__Records for the exercise__.

——————

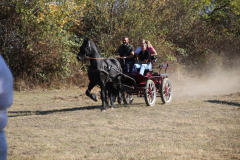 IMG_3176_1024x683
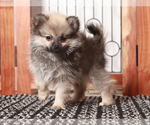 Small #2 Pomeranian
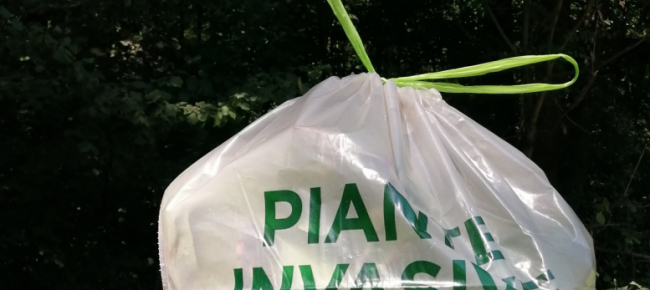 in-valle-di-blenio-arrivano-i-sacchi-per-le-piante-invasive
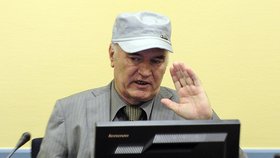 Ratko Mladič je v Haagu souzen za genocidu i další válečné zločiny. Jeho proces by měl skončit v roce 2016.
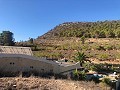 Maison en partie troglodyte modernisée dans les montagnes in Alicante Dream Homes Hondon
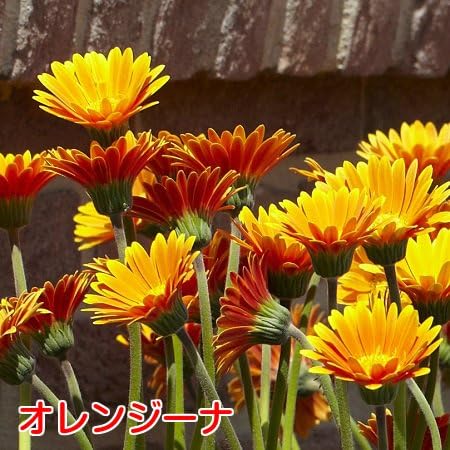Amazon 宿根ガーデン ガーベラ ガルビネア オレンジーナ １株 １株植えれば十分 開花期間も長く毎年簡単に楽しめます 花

——————

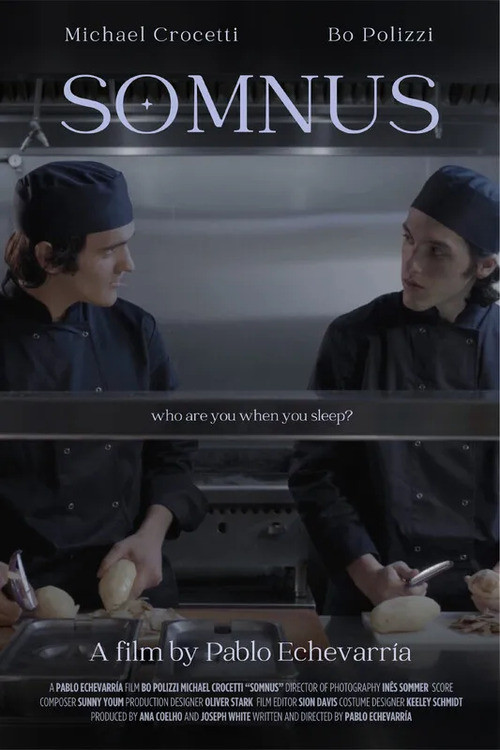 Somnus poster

——————

Above, find the line with "IMG_3176_1024x683"; copy it and every line down to the line with "Amazon 宿根ガーデン ガーベラ", exactly and both included, but no pictures.

__Task result__.
 IMG_3176_1024x683
 Small #2 Pomeranian
 in-valle-di-blenio-arrivano-i-sacchi-per-le-piante-invasive
 Ratko Mladič je v Haagu souzen za genocidu i další válečné zločiny. Jeho proces by měl skončit v roce 2016.
 Maison en partie troglodyte modernisée dans les montagnes in Alicante Dream Homes Hondon
Amazon 宿根ガーデン ガーベラ ガルビネア オレンジーナ １株 １株植えれば十分 開花期間も長く毎年簡単に楽しめます 花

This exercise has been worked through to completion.